* [Stored data]
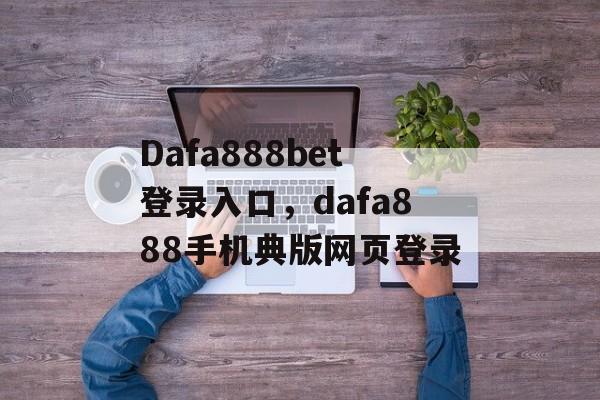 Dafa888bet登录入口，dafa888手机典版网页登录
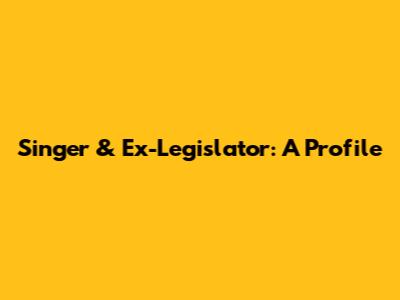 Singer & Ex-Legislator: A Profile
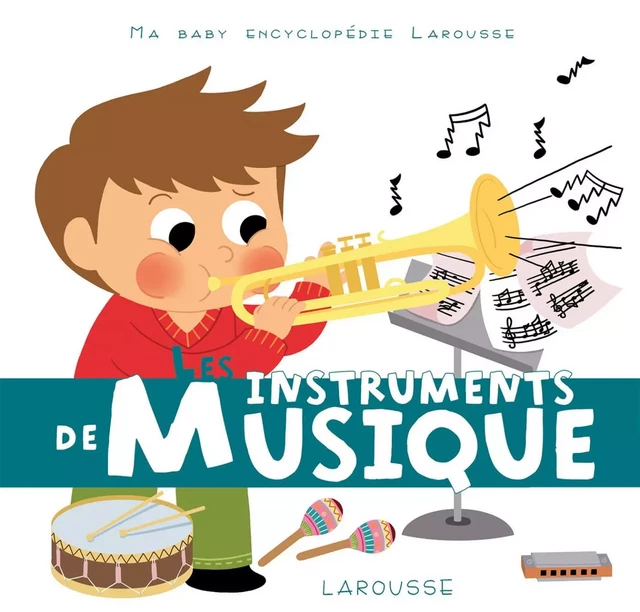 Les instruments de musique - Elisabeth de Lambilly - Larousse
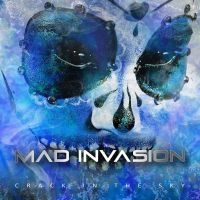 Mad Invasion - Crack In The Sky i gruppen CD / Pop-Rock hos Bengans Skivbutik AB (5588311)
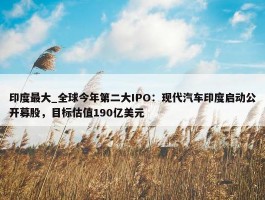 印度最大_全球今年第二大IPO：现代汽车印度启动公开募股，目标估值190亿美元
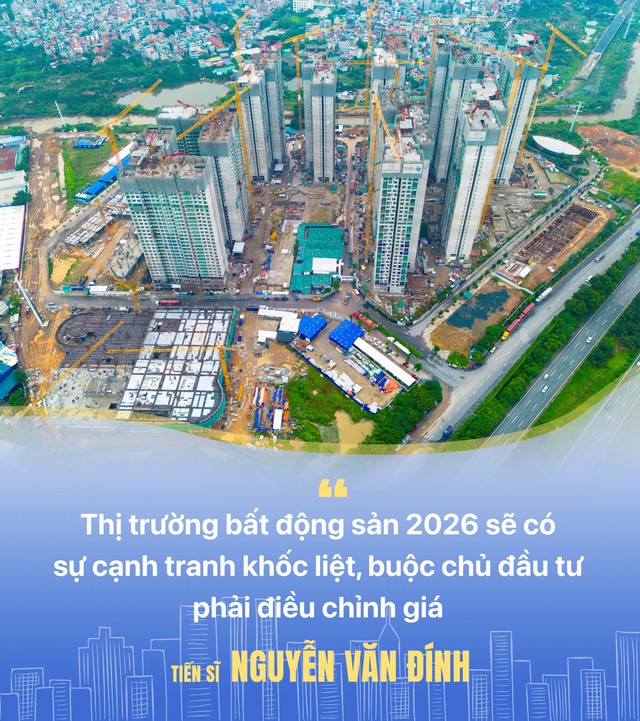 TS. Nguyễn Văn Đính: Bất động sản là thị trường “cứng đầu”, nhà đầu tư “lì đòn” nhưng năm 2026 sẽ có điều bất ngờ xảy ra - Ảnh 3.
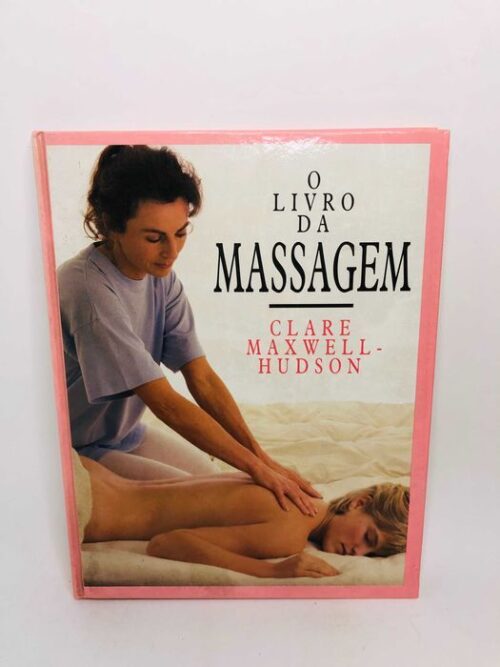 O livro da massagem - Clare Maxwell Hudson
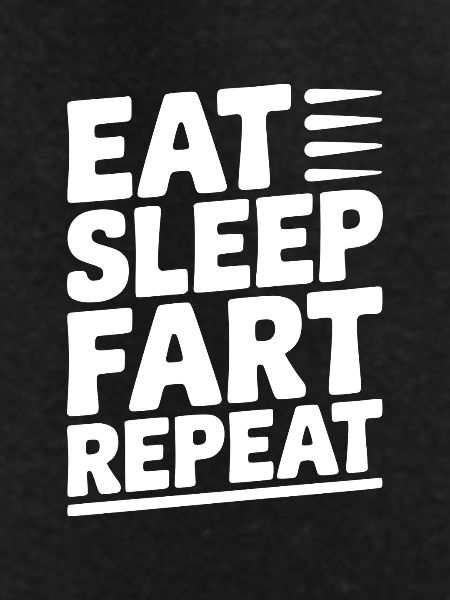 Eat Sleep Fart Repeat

* [What you should do] Set the listing down verbatim, excluding pictures.

* [Solved exercise]
 Dafa888bet登录入口，dafa888手机典版网页登录
 Singer & Ex-Legislator: A Profile
 Les instruments de musique - Elisabeth de Lambilly - Larousse
 Mad Invasion - Crack In The Sky i gruppen CD / Pop-Rock hos Bengans Skivbutik AB (5588311)
 印度最大_全球今年第二大IPO：现代汽车印度启动公开募股，目标估值190亿美元
 TS. Nguyễn Văn Đính: Bất động sản là thị trường “cứng đầu”, nhà đầu tư “lì đòn” nhưng năm 2026 sẽ có điều bất ngờ xảy ra - Ảnh 3.
 O livro da massagem - Clare Maxwell Hudson
 Eat Sleep Fart Repeat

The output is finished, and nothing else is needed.